E dizendo isso, afastou-se de mim com um sorriso,
acenando-me um até logo bem humorado. Prossigo minha caminhada obrigatória,
absorto em minhas lembranças.
Tínhamos a mesma idade, Zé Peixe e eu, e por isso, fomos
testemunhas das mesmas cenas que enfeitaram nossa meninice: os saveiros que
pontilhavam as águas do rio, o velho trampolim da rua de Maruim, que ficava
cheio de garotos nas tardes de domingo; o aeroporto flutuante da Panair do
Brasil e a chegada dos hidro-aviões da Companhia, fabricando uma longa esteira
de espuma na superfície do rio; o barquinho a motor que conduzia os passageiros
para o embarque, deixando invejosos todos os que o contemplavam da balaustrada;
a Agência da Panair, que ficava a cargo da firma “A Fonseca”, talvez a mais
tradicional da cidade.
Nessa época, já era habitual para Zé Peixe atravessar o rio,
façanha que envolvia desafios dos outros meninos, pois era uma espécie de
herói, aos olhos dos outros, aquele que conseguia chegar à Barra dos Coqueiros,
apenas com a força dos braços.
Aracaju era apenas uma cidade-província, onde se
experimentava a potência dos automóveis na subida da ladeira de Santo Antônio.
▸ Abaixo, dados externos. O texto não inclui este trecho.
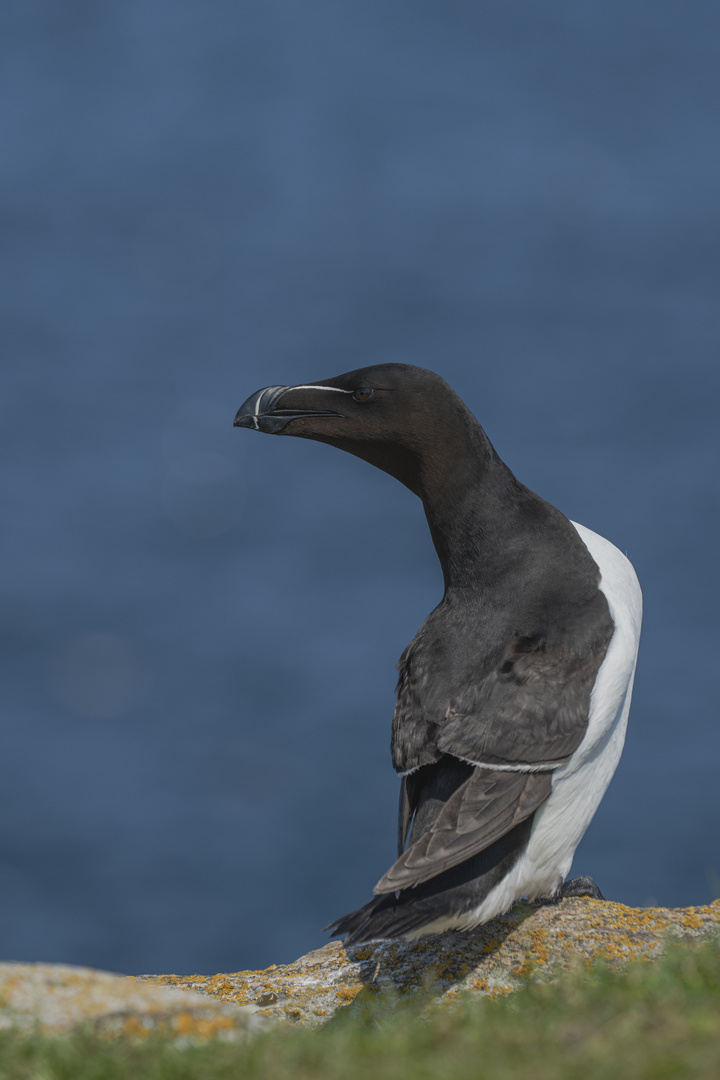 Razorbill (Tordalk)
Sim, qualquer carro que lograsse vencer aquele declive sem engasgar, poderia
ser comprado pelo candidato. Depois, essa mesma ladeira do Santo Antônio
haveria de arrancar risos de todos os que voltavam de Salvador...
Da Capitania dos Portos, volto em sentido contrário pela
mesma rua da frente. E novas recordações vêm chegando. Vejo outra vez as
antigas casas comerciais ressurgirem das cinzas: a casa “Dantas & Kraus”, o
consultório do dr. Augusto Leite, no prédio onde funcionou depois a Gazeta de
Sergipe; o armazém de ferragens de Ribeiro & Cia., o Banco do Brasil, o
Trapiche Lima, o Banco Mercantil Sergipense, a Companhia Telefônica...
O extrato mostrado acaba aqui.